Segment Start: PROVIDED MATERIAL

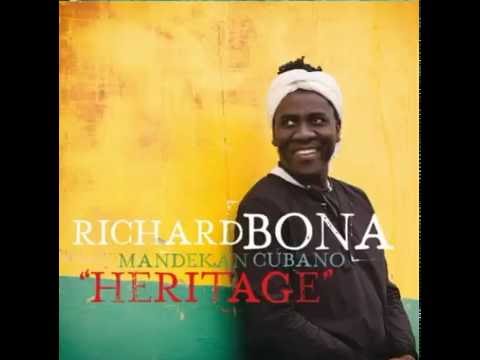 Watch Richard Bona - Kivu on YouTube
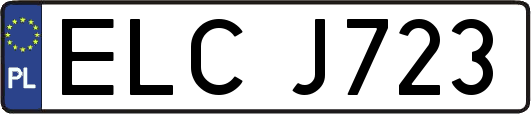 ELCJ723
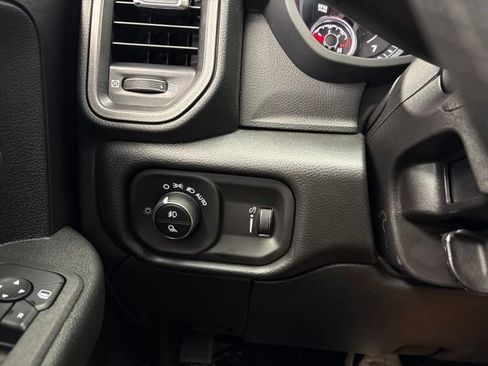 New 2026 RAM 3500 Tradesman AWD/4WD image 33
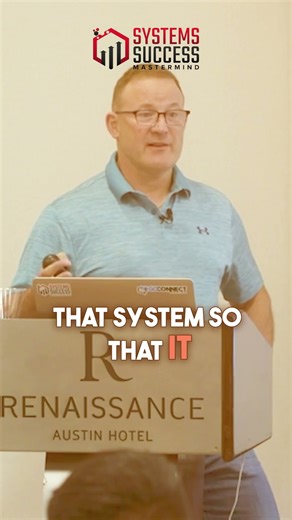 Stop Repeating Tasks Why Every Repetitive Action Needs a System and How Automation Sets Yo #shorts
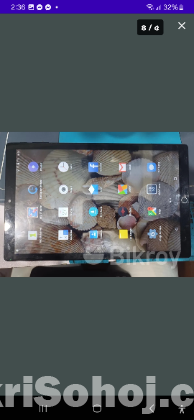China tab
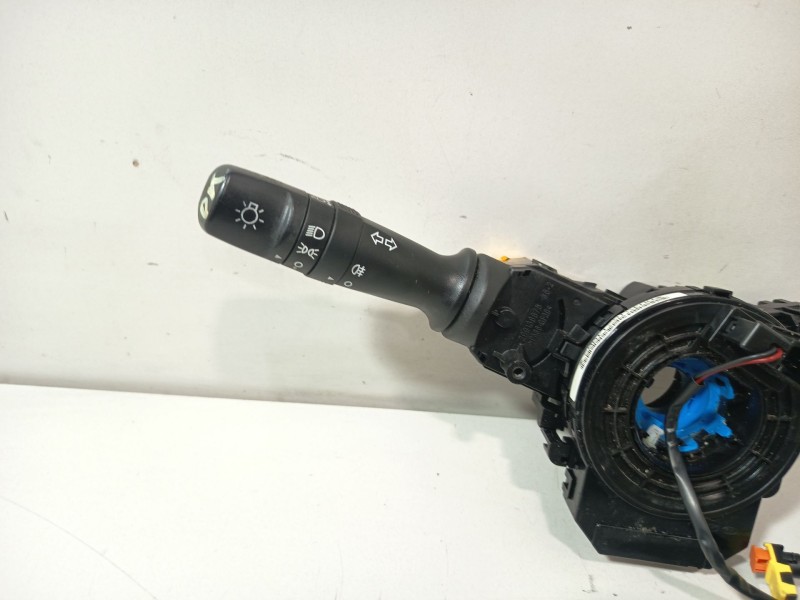 Recambio de mando multifuncion para kia rio iii (ub) 1.2 cvvt referencia OEM IAM 299102245  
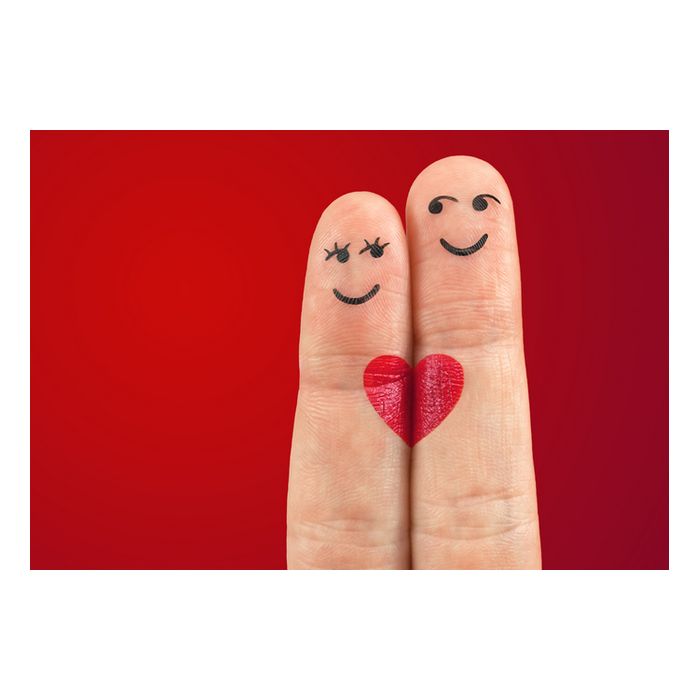  Uma pesquisa feita nos EUA descobriu que 75% dos casais que fazem &quot;aquela vozinha&quot; s&amp;atilde;o mais felizes 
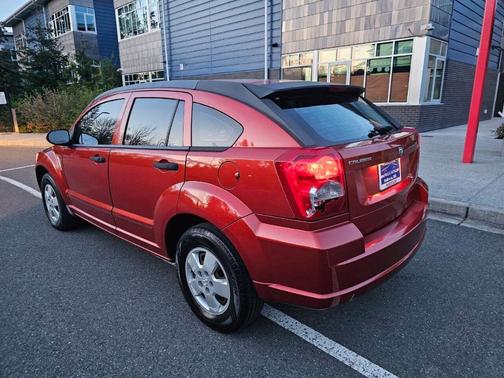 2008 Dodge Caliber SE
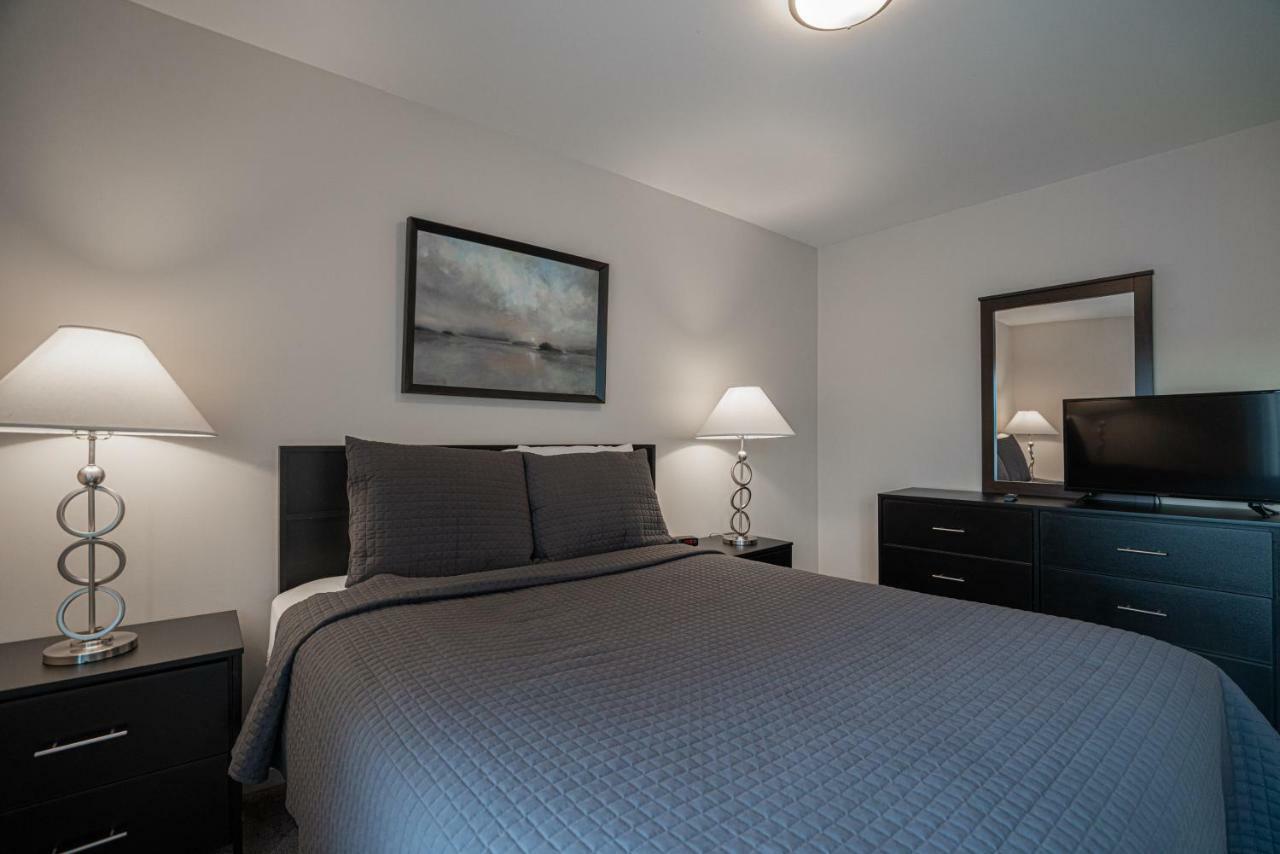 Walter Convention Center Apartments 30 Day Rentals Washington Buitenkant foto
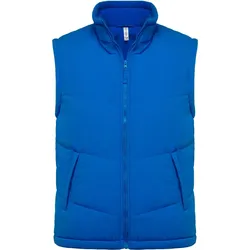 Kariban Herren Bodywarmer K6118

Segment End: PROVIDED MATERIAL

• **TASK DETAILS**
Write out the records above exactly. Pictures do not belong in the copy.

• **OUTPUT BELOW**
 Watch Richard Bona - Kivu on YouTube
 ELCJ723
 New 2026 RAM 3500 Tradesman AWD/4WD image 33
 Stop Repeating Tasks Why Every Repetitive Action Needs a System and How Automation Sets Yo #shorts
China tab
 Recambio de mando multifuncion para kia rio iii (ub) 1.2 cvvt referencia OEM IAM 299102245  
  Uma pesquisa feita nos EUA descobriu que 75% dos casais que fazem &quot;aquela vozinha&quot; s&amp;atilde;o mais felizes 
 2008 Dodge Caliber SE
 Walter Convention Center Apartments 30 Day Rentals Washington Buitenkant foto
 Kariban Herren Bodywarmer K6118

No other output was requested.